> Exercise brief: Once you find the line with "Surgical blade with handle", transcribe it and all the lines that follow to the end of the data, exactly as written; skip any pictures.

> Supplied material:

*****

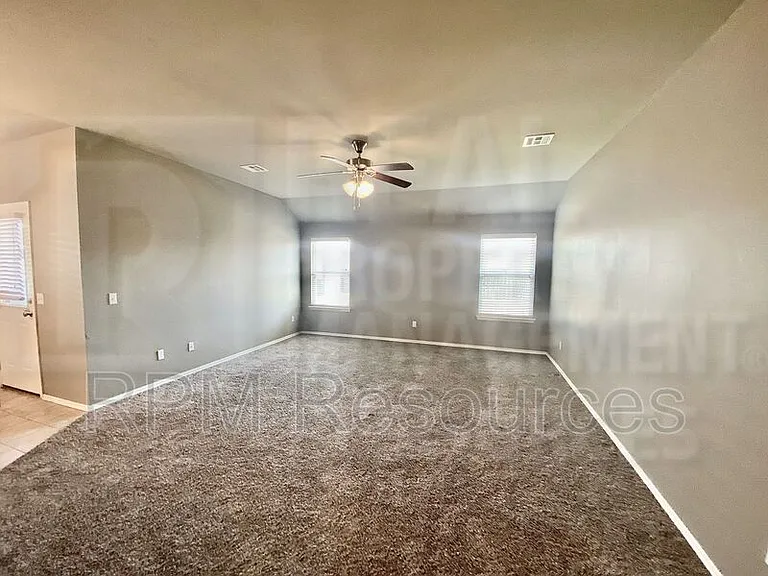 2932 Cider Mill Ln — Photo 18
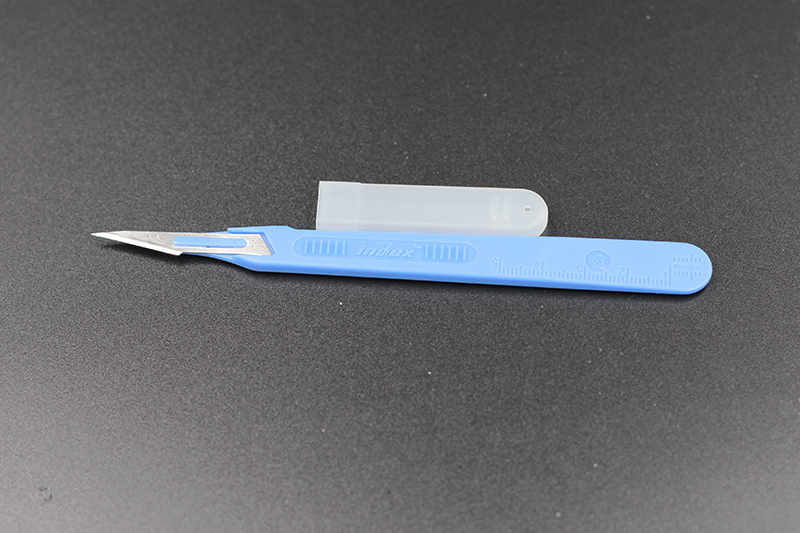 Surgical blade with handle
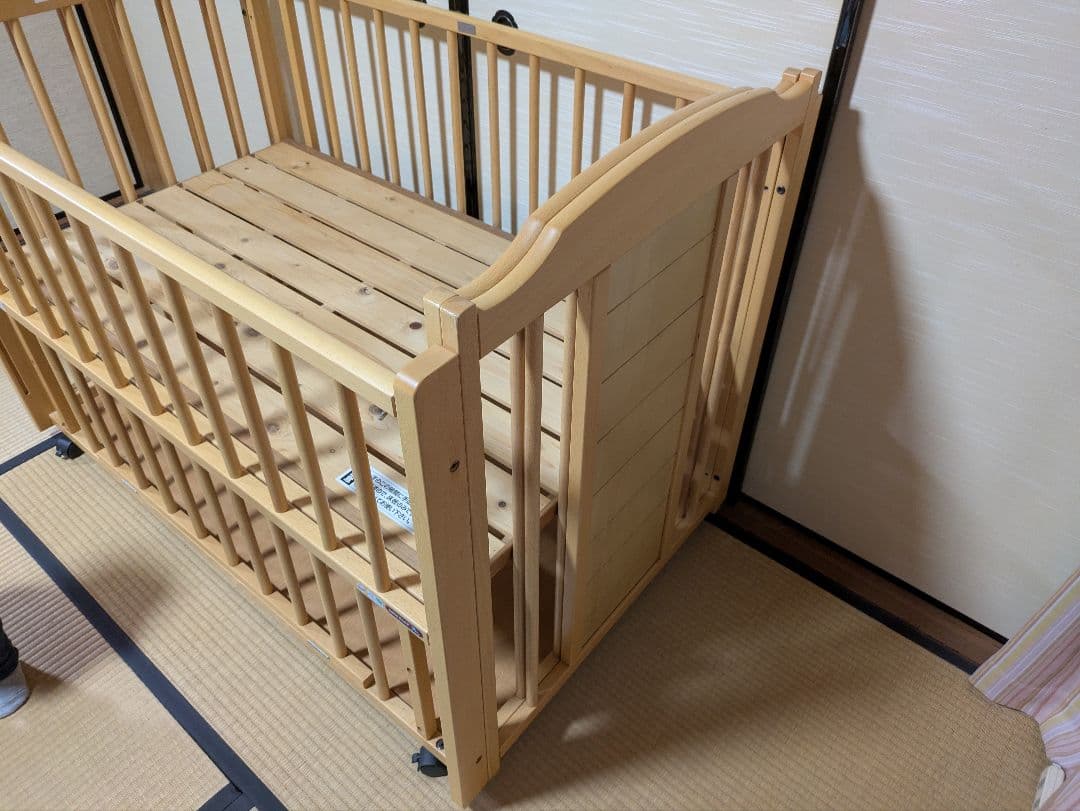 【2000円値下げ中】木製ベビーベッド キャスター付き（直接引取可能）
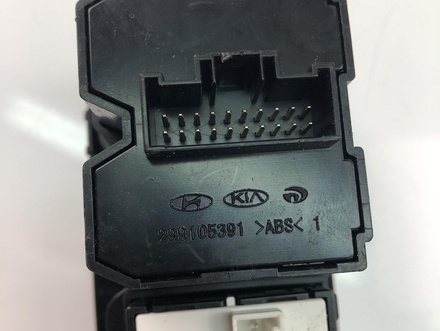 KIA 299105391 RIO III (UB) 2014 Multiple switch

*****

> Solution for this exercise:
 Surgical blade with handle
 【2000円値下げ中】木製ベビーベッド キャスター付き（直接引取可能）
 KIA 299105391 RIO III (UB) 2014 Multiple switch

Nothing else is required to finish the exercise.